Data provided:
-.-.-

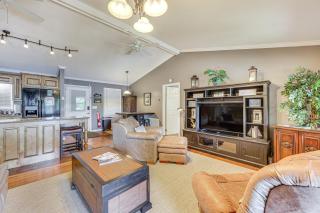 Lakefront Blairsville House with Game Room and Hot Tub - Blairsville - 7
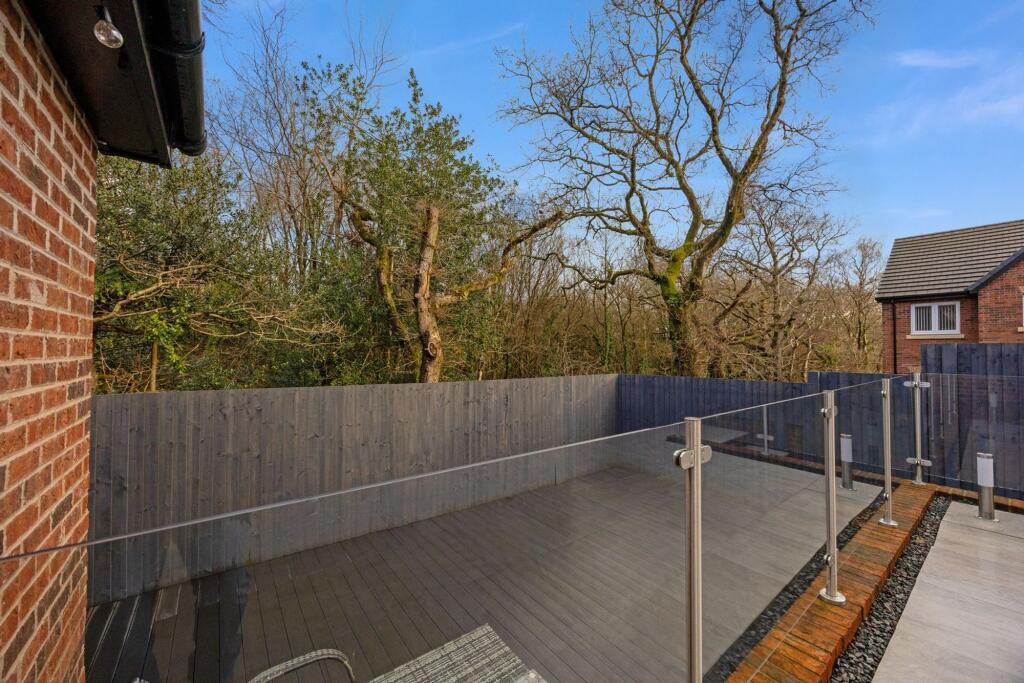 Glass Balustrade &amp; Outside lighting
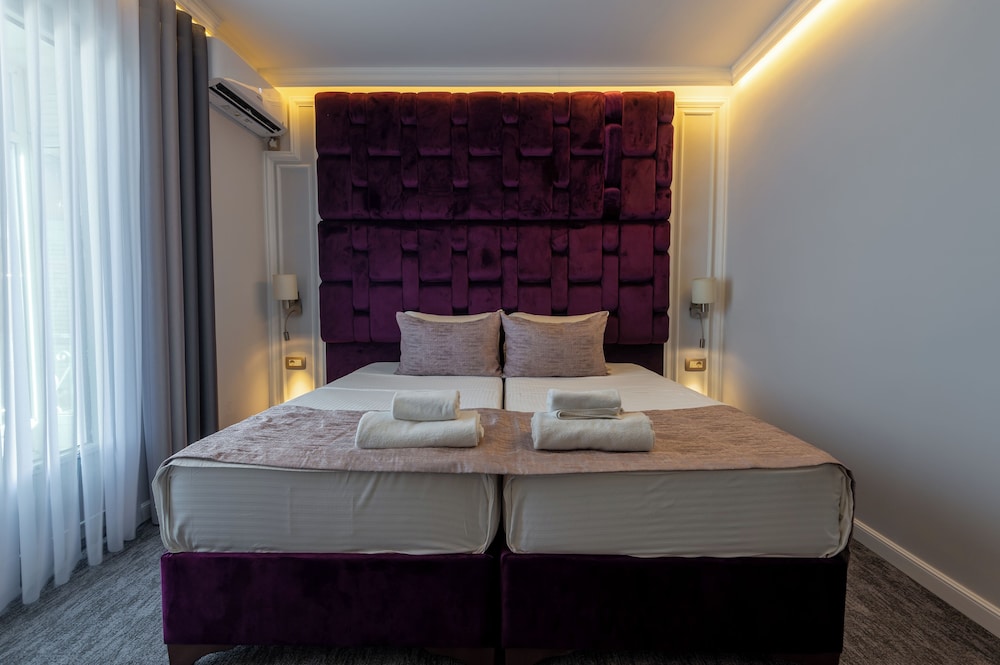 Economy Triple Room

-.-.-

Action item: Could you print the listing above word for word, without its pictures?

Written response:
 Lakefront Blairsville House with Game Room and Hot Tub - Blairsville - 7
 Glass Balustrade &amp; Outside lighting
 Economy Triple Room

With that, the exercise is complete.